* **What to do**: Down to the last line, print the data that follows exactly, without its pictures.
----
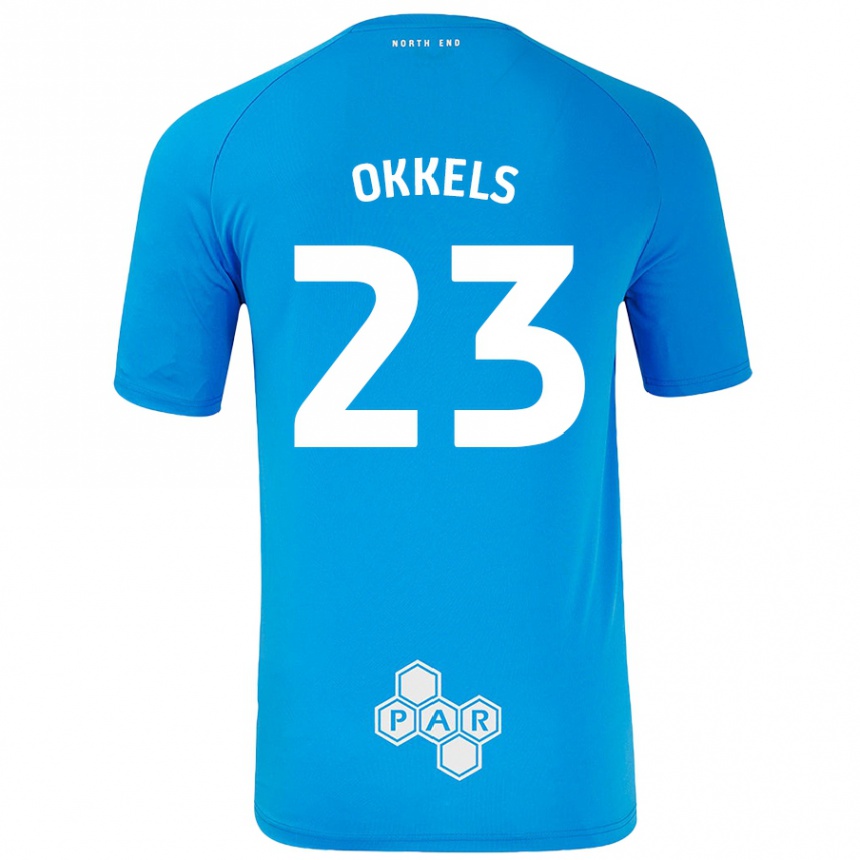 גברים כדורגל Jeppe Okkels #23 כחול שמיים הרחק ג'רזי 2024/25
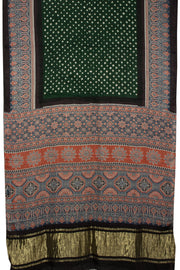 Green Handloom Ajrakh Bandhani Modal Silk Saree - Avishya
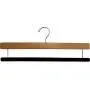 The Great American Hanger Company Natural Finished Wooden Pants Hanger with Flocked Velvet Bar, (Box of 25) 16 Inch Extra Long Big Wood Bottoms Hangers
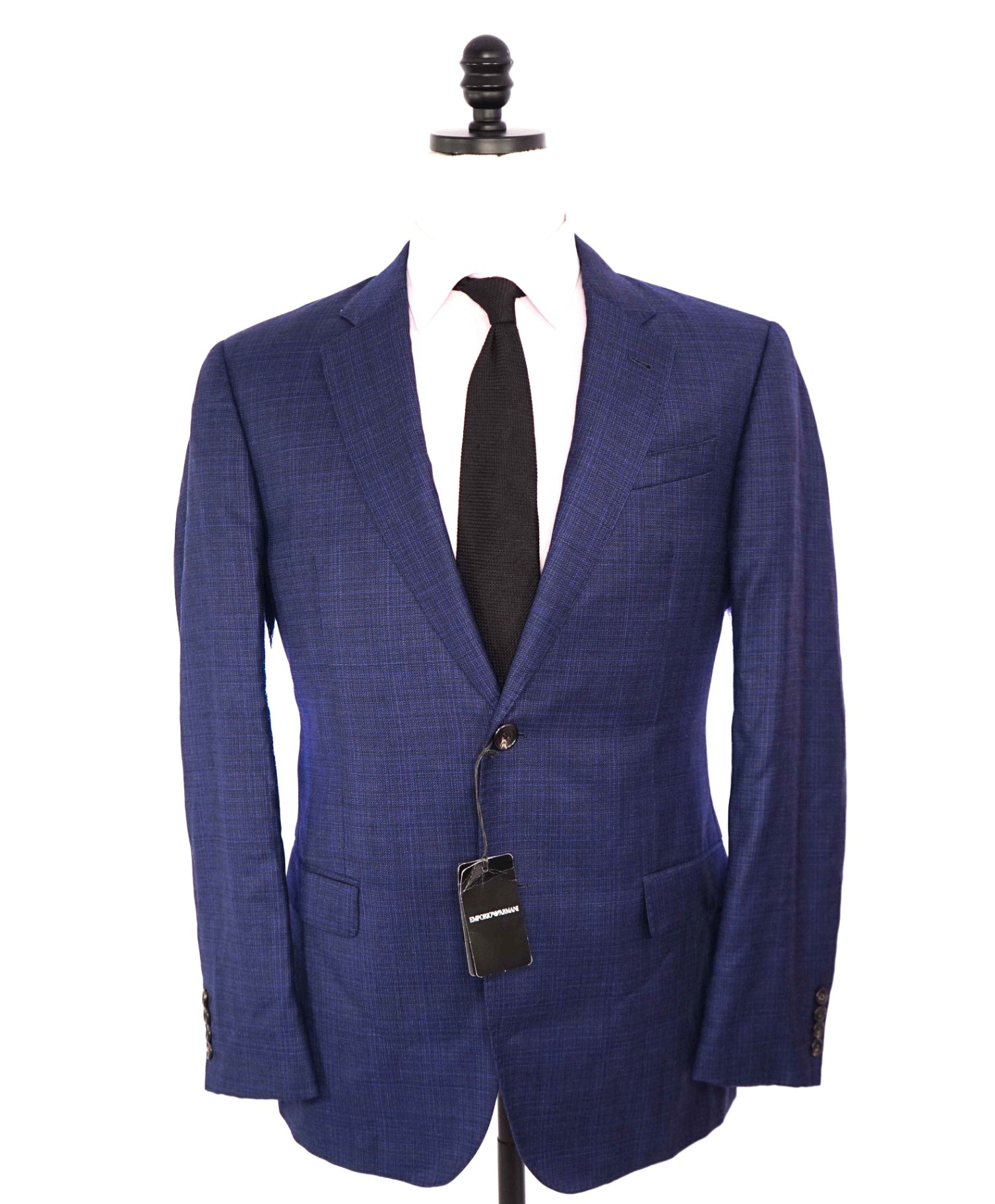 $1,595 EMPORIO ARMANI - Wool Blue Abstract Plaid "G Line" Blazer - 42R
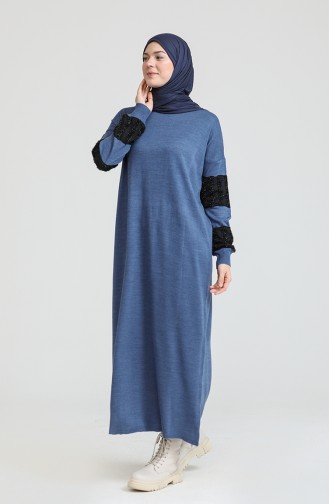 Triko Elbise 3351-03 İndigo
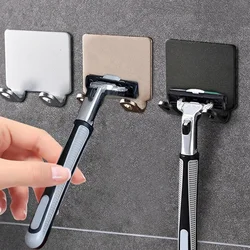 2/4 Stuks Zelfklevende Scheermeshouder Wandmontage Badkamer Voor Douchehaak Rek Gillette Scheerapparaat Scheren Houder Zwart plastic Haak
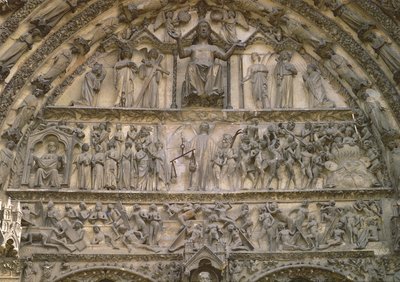 Sista domen, tympanum i den centrala portalen av västra fasaden, 1200-talet av French School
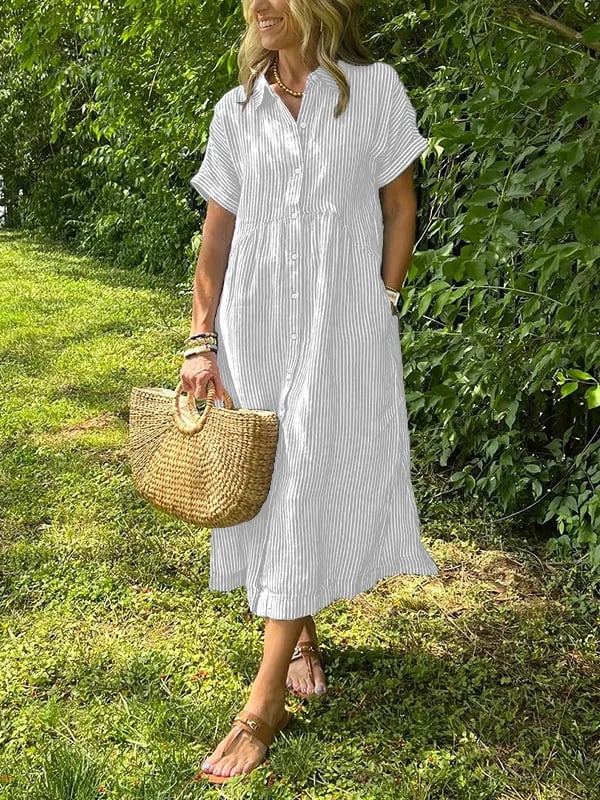 Beatrice | Classic Striped Button-Front Midi Dress For Women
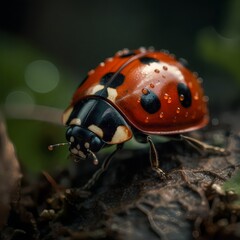 Closeup detail of a ladybug in its natural environment. Insect illustration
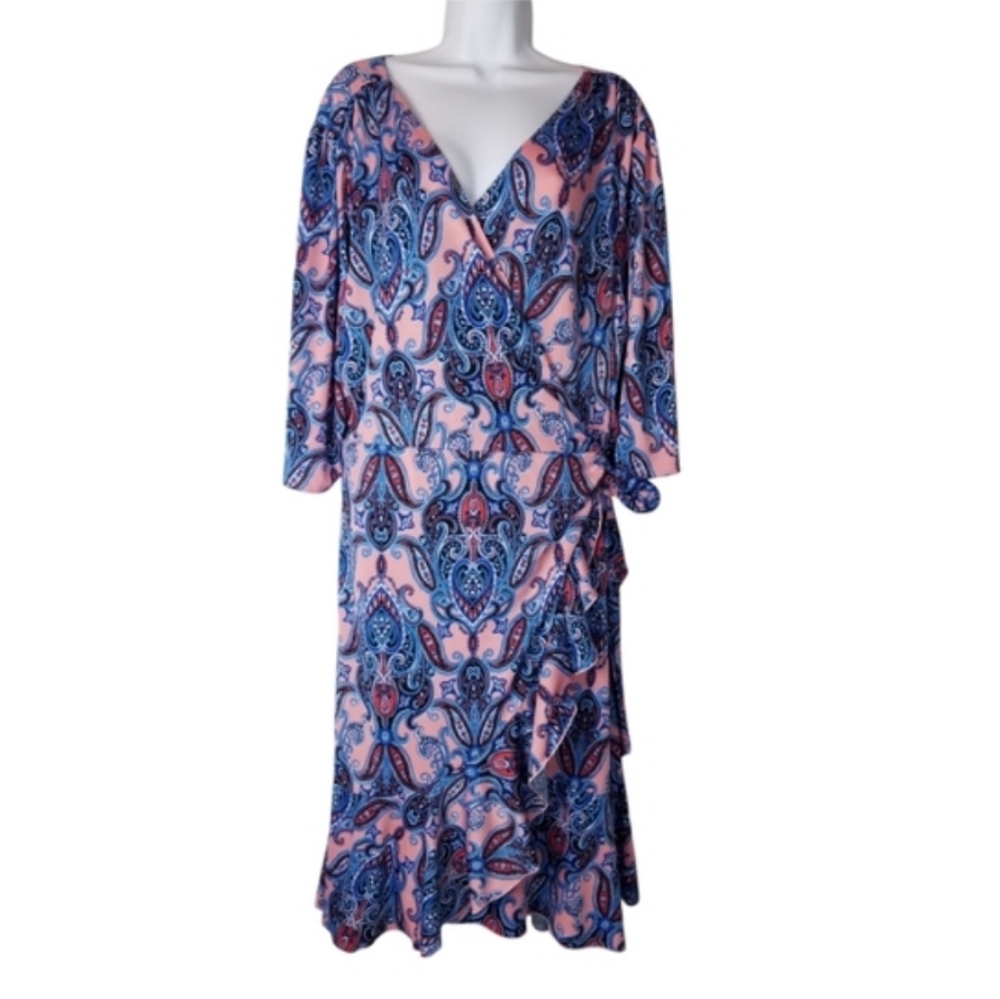 Kiyonna Plus Size Whimsy Wrap Dress Midi - Picture 8 of 9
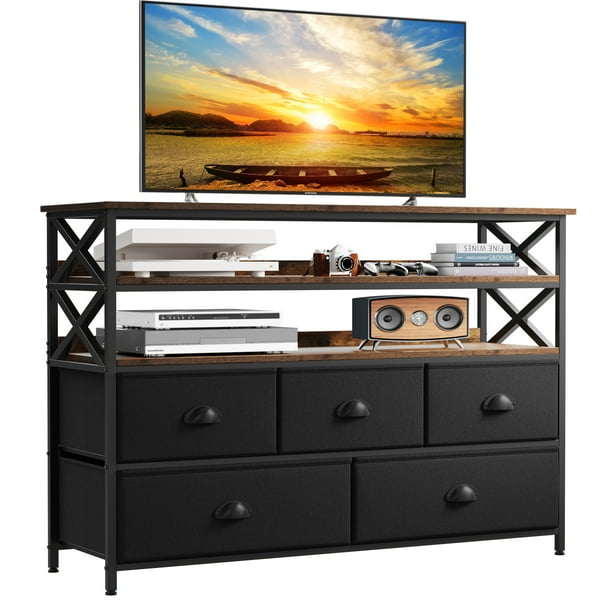 EnHomee Black Dresser for Bedroom TV Stands for 55 inch TV 5 Drawer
----
* **Problem solution**:
 גברים כדורגל Jeppe Okkels #23 כחול שמיים הרחק ג'רזי 2024/25
 Green Handloom Ajrakh Bandhani Modal Silk Saree - Avishya
 The Great American Hanger Company Natural Finished Wooden Pants Hanger with Flocked Velvet Bar, (Box of 25) 16 Inch Extra Long Big Wood Bottoms Hangers
 $1,595 EMPORIO ARMANI - Wool Blue Abstract Plaid "G Line" Blazer - 42R
 Triko Elbise 3351-03 İndigo
 2/4 Stuks Zelfklevende Scheermeshouder Wandmontage Badkamer Voor Douchehaak Rek Gillette Scheerapparaat Scheren Houder Zwart plastic Haak
 Sista domen, tympanum i den centrala portalen av västra fasaden, 1200-talet av French School
 Beatrice | Classic Striped Button-Front Midi Dress For Women
 Closeup detail of a ladybug in its natural environment. Insect illustration
 Kiyonna Plus Size Whimsy Wrap Dress Midi - Picture 8 of 9
 EnHomee Black Dresser for Bedroom TV Stands for 55 inch TV 5 Drawer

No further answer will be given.